Segment Start: Entries supplied

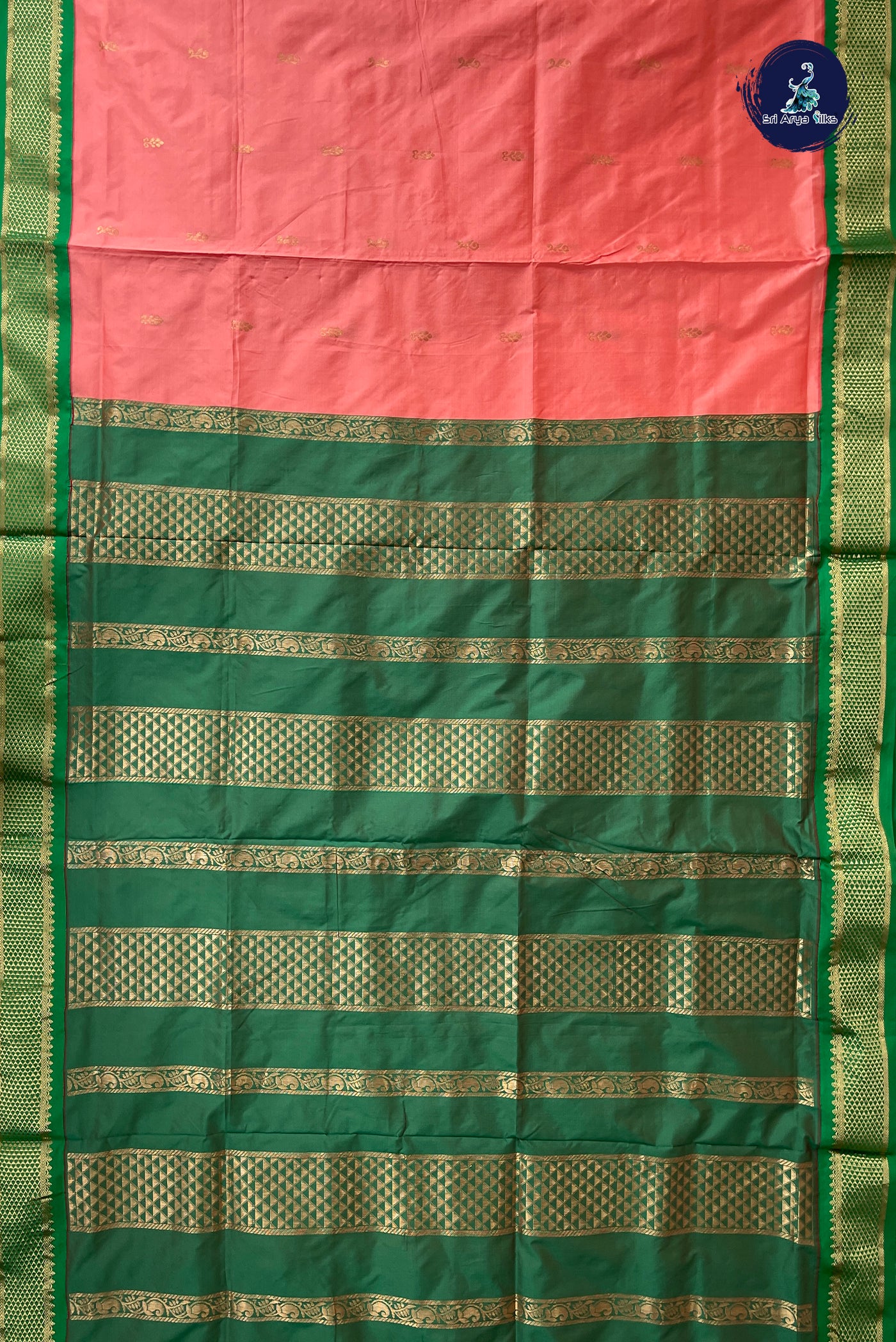 Peach Pink Madisar Semi Silk Saree With Zari Buttas Pattern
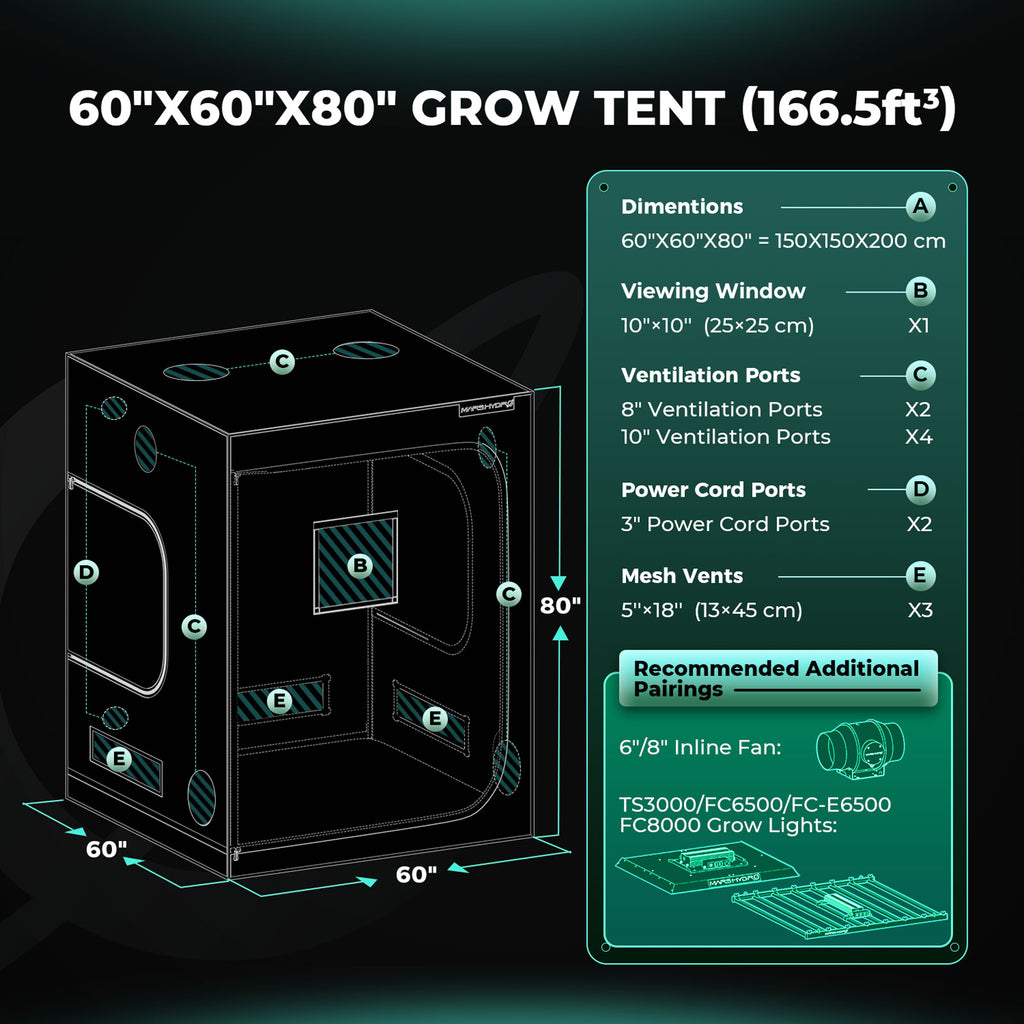 Mars Hydro 150x150x200 cm Indoor-Anbauzelt Hydroponik-Anbaubox Growzelt Sämlinge Gemüse Blüte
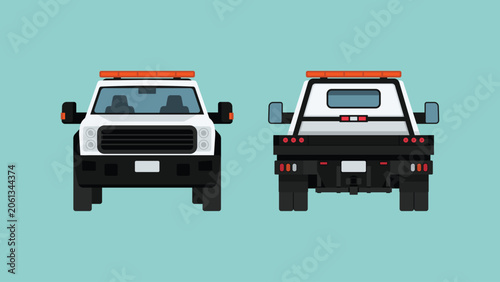 Flatbed tow truck front and rear view with rollback platform for vehicle transport, roadside recovery, and towing operation, flat vector illustration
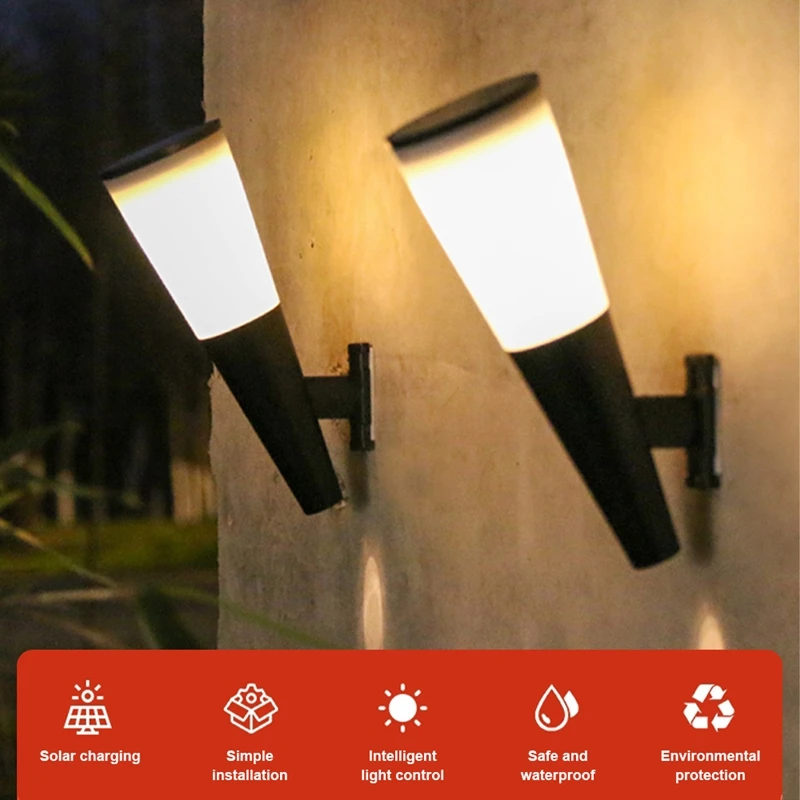 Solar Wall Light Outdoor Two-color Waterproof Solar Light Room Decoration Courtyard Layout Courtyard Sunlight For Circuit Lights
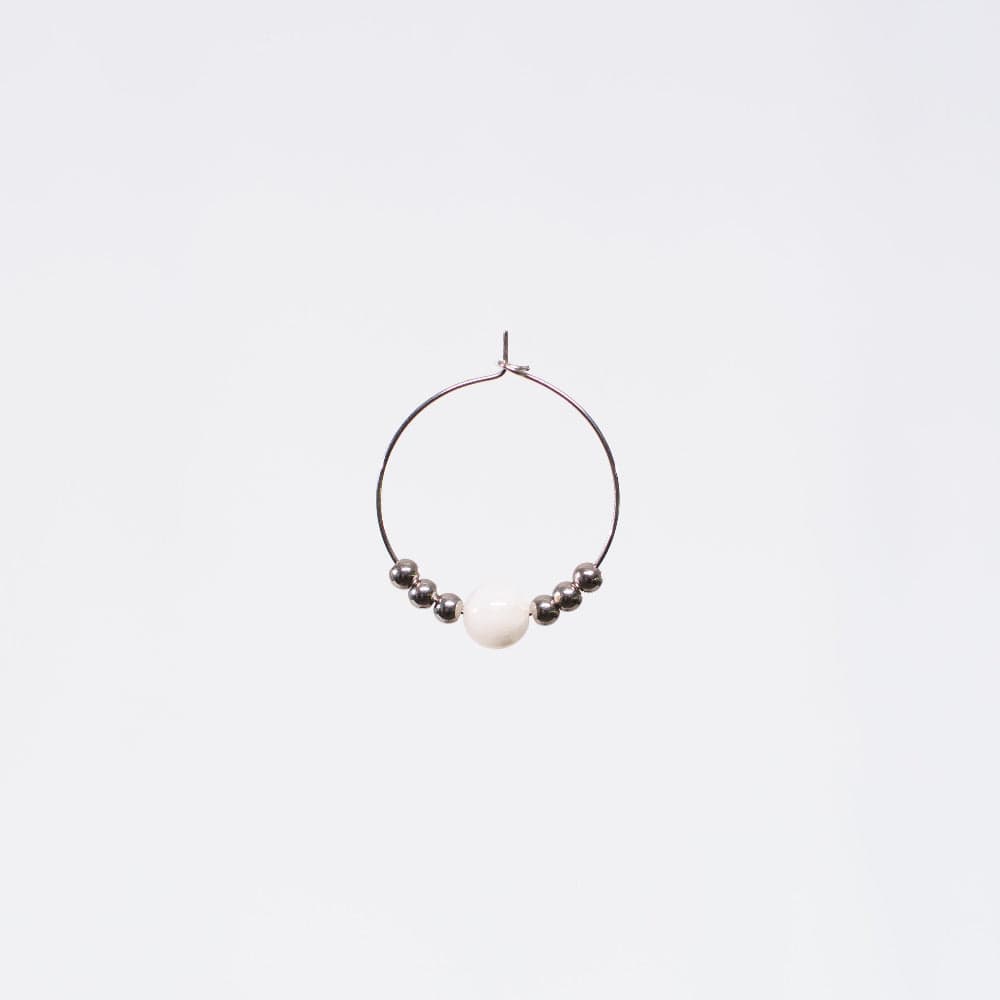 Boucle Oreille Pierre de Lune Cassandra - Acier Inoxydable Argent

Segment End: Entries supplied

— Activity —
Beginning with the line that contains "Mars Hydro 150x150x200", write out every line through the last one in the records, exactly and without pictures.

— Written solution —
 Mars Hydro 150x150x200 cm Indoor-Anbauzelt Hydroponik-Anbaubox Growzelt Sämlinge Gemüse Blüte
 Flatbed tow truck front and rear view with rollback platform for vehicle transport, roadside recovery, and towing operation, flat vector illustration
 Solar Wall Light Outdoor Two-color Waterproof Solar Light Room Decoration Courtyard Layout Courtyard Sunlight For Circuit Lights
 Boucle Oreille Pierre de Lune Cassandra - Acier Inoxydable Argent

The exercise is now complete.